A common MYBPC3 (cardiac myosin binding protein C) variant associated with cardiomyopathies in South Asia

Abstract

Heart failure is a leading cause of mortality in South Asians. However, its genetic etiology remains largely unknown. Cardiomyopathies due to sarcomeric mutations are a major monogenic cause for heart failure (MIM600958). Here, we describe a deletion of 25 bp in the gene encoding cardiac myosin binding protein C (MYBPC3) that is associated with heritable cardiomyopathies and an increased risk of heart failure in Indian populations (initial study OR = 5.3 (95% CI = 2.3-13), P = 2 x 10(-6); replication study OR = 8.59 (3.19-25.05), P = 3 x 10(-8); combined OR = 6.99 (3.68-13.57), P = 4 x 10(-11)) and that disrupts cardiomyocyte structure in vitro. Its prevalence was found to be high (approximately 4%) in populations of Indian subcontinental ancestry. The finding of a common risk factor implicated in South Asian subjects with cardiomyopathy will help in identifying and counseling individuals predisposed to cardiac diseases in this region.

Figure 1

Morphology and histopathology of heart, and cardiac transcript analysis of individuals with the 25-bp deletion. (a) Morphology of the heart of a subject with DCM. The subject was a child homozygous for the deletion. Note the marked dilation of the left and right ventricles. (b) Histopathological section of the same subject showing hypertrophied myofibers separated from each other by increased connective tissue (hematoxylin and eosin, × 400). (c) Transverse section through both ventricles of a 40-y-old man homozygous for the deletion showing marked asymmetric hypertrophy involving septum (IVS). (d) Histopathological section of the septal myocardium of the same individual showing ‘swirling’ of hypertrophied myofibers amid connective tissue disarray (hematoxylin and eosin, × 400). (e) Characterization of cardiac transcripts. The mRNA from the endomyocardial biopsies of an affected subject heterozygous for the 25-bp deletion was reverse transcribed, amplified, subcloned and sequenced. The sequence shows a normal transcript and a mutant transcript with absence of exon 33. AO, aorta; RA, right atrium; PA, pulmonary artery; RV, right ventricle; LV, left ventricle; TV, tricuspid valve; IVS, intraventricular septum; MV, mitral valve; AV, aortic valve.

Figure 2

Expression and localization of cMyBP-C^WT and cMyBP-C^ΔEx33 proteins in neonatal rat cardiomyocytes. Recombinant adenoviruses that expressed mouse cMyBP-C^WT (WT) or cMyBP-C^ΔEx33 (mutant) were introduced into rat neonatal cardiomyocytes.
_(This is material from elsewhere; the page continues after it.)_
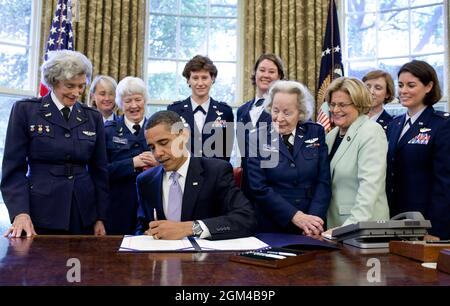 President Barack Obama signs S.614, a bill to award a Congressional Gold Medal to the Women Airforce Service Pilots, in the Oval Office Wednesday, July 1, 2009. Women Airforce Service Pilots (WASP) was established during World War II, and from 1942 to 1943, more than a thousand women joined, flying sixty million miles of non-combat military missions.  Of the women who received their wings as Women Airforce Service Pilots, approximately 300 are living today. (Official White House Photo by Pete Souza) This official White House photograph is being made available for publication by news organizati Stock Photo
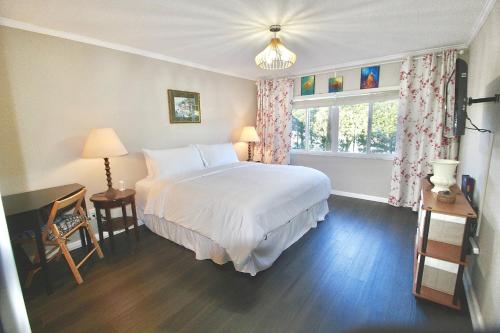 a bedroom with a large white bed and a window at Seaside Escape in Fort Pierce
Noninfected cardiomyocytes were used as control. (a,b) Three days after infection, cardiomyocytes were fixed and immunostained with either cMyBP-C antibodies (green) (a) raised against the C0-C1 domain carried by native, WT and mutant proteins or myc-tag antibodies carried only by the WT and mutant proteins (green) (Roche) (b) and costained with α-tropomyosin (red) (Sigma). (c,d) Representative protein blots obtained by using cMyBP-C (c) and Myc (d) antibodies in control and WT- and mutant-infected neonatal rat cardiomyocytes. Twenty μg of total cardiomyocytes lysates was separated on a 4–15% linear gradient SDS-PAGE, transferred to nitrocellulose membrane, and immunoblotted as described in Supplementary Methods. In lysates from noninfected neonatal cardiomyocytes and WT-infected cells, the cMyBP-C antibody detected a major band of the expected molecular weight of 144 kDa and overexpression of mutant cMyBP-C showed the predicated truncated protein of approximately 140 kDa. α-TM was used as a load control.

Figure 3

Global distribution of MYBPC3 deletion in indigenous populations. For populations with the MYBPC3 deletion, the frequency of the deletion-containing allele is shown. See Supplementary Table 5 for details of the populations studied.